- [Exercise description]: Note on the material below: return exactly the lines from the line that holds "Kèo châu Âu Miso88" through the line that holds "Claribel Medina y", and leave out each picture.

- [Dataset content]:

^^^^^^^^^^^^^^^^

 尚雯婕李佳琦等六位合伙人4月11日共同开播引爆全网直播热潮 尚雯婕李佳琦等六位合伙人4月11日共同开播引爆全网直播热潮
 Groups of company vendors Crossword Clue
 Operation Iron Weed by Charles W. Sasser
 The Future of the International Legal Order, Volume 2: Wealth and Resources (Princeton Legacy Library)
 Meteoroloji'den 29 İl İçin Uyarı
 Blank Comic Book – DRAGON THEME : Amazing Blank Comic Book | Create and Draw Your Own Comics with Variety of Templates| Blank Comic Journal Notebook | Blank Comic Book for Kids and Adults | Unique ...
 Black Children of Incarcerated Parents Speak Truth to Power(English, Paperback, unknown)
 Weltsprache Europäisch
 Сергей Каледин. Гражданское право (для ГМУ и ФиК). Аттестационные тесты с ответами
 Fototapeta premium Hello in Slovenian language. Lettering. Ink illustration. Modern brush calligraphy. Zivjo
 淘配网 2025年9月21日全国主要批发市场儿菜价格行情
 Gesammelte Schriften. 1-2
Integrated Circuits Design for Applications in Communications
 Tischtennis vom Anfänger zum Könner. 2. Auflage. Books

^^^^^^^^^^^^^^^^

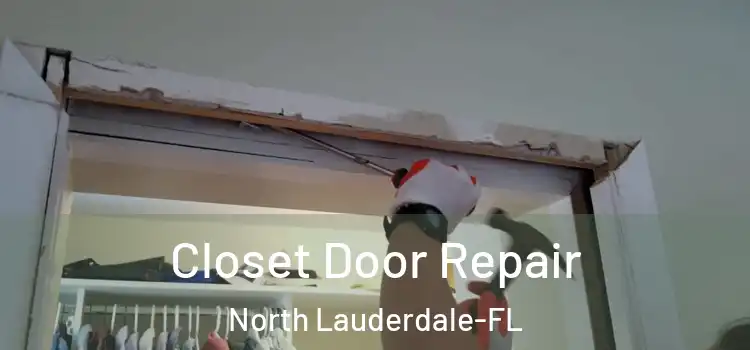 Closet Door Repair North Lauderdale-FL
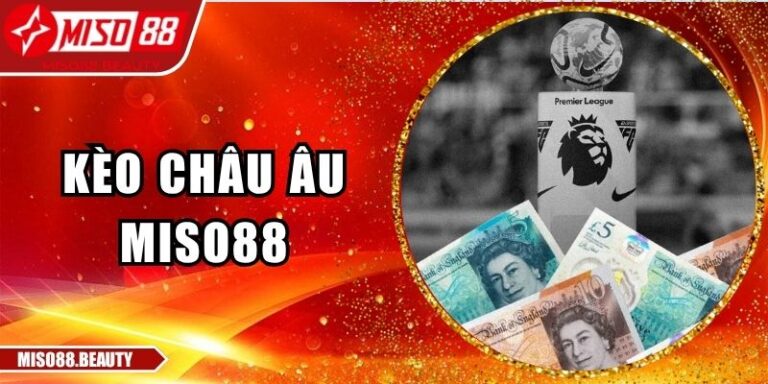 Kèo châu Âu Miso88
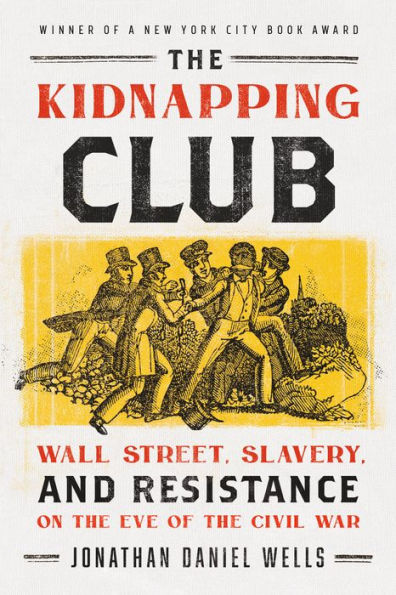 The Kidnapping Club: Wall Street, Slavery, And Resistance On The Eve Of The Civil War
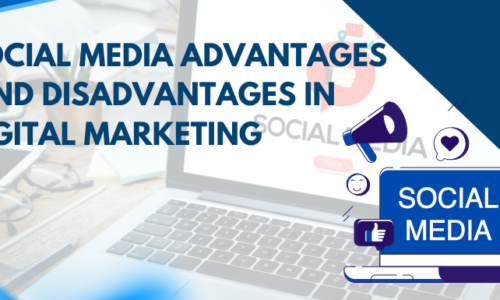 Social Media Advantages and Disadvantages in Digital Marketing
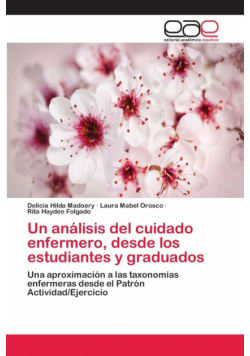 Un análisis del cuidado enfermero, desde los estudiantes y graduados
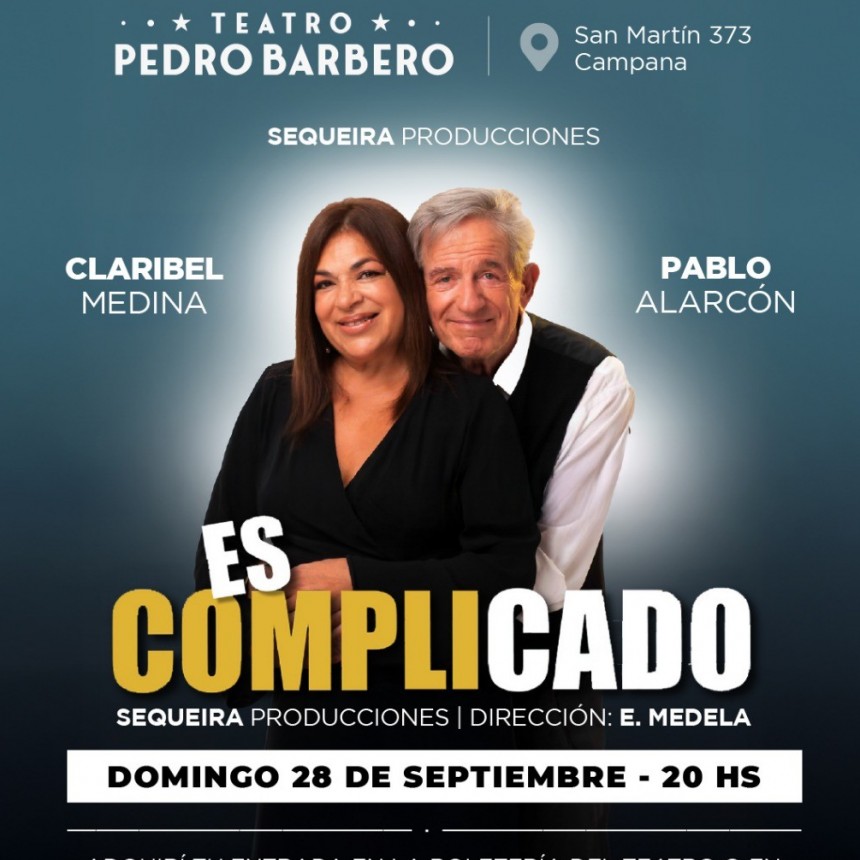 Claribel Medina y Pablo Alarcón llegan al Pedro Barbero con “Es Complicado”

^^^^^^^^^^^^^^^^

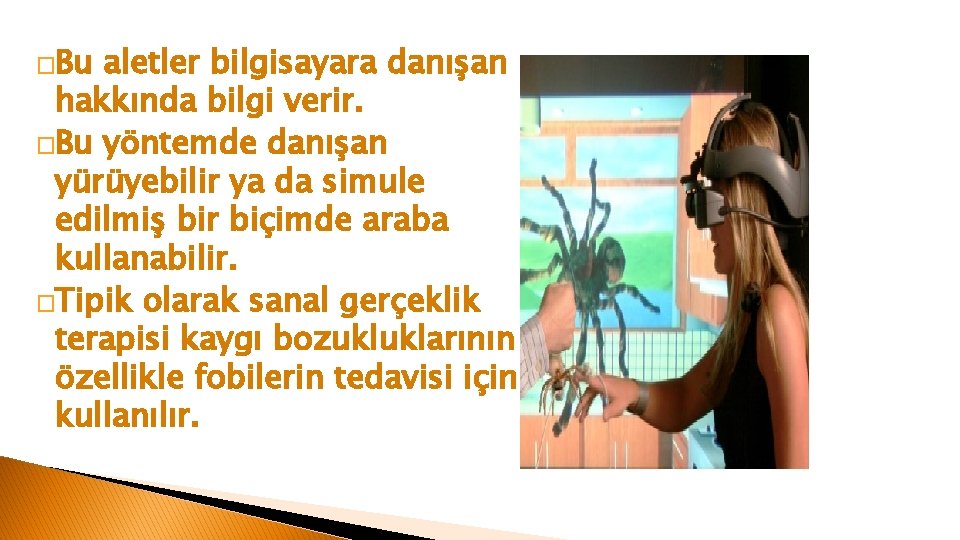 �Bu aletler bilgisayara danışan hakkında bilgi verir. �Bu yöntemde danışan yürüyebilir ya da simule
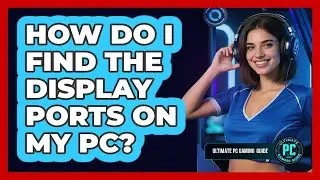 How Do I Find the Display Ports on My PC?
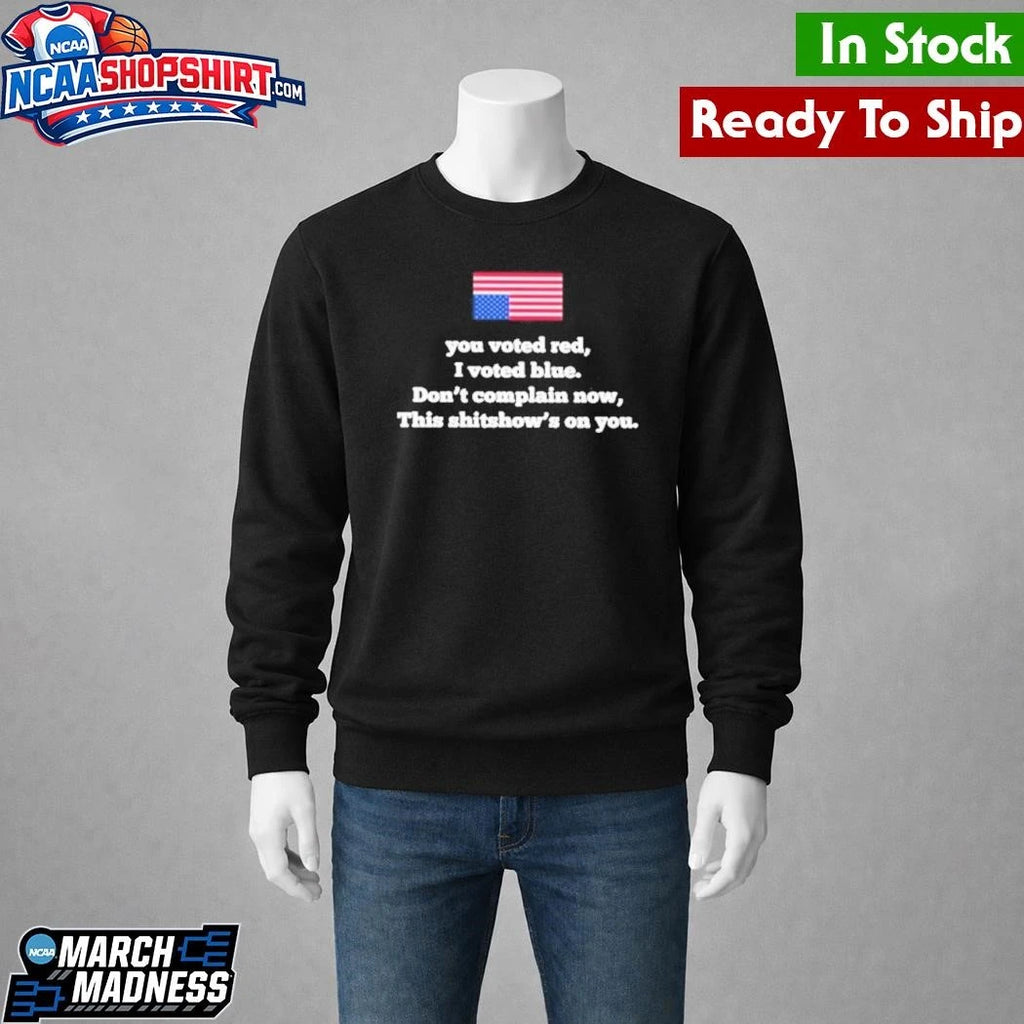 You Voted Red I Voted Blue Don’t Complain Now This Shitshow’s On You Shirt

^^^^^^^^^^^^^^^^

- [Output of the exercise]:
 Kèo châu Âu Miso88
 The Kidnapping Club: Wall Street, Slavery, And Resistance On The Eve Of The Civil War
 Social Media Advantages and Disadvantages in Digital Marketing
 Un análisis del cuidado enfermero, desde los estudiantes y graduados
 Claribel Medina y Pablo Alarcón llegan al Pedro Barbero con “Es Complicado”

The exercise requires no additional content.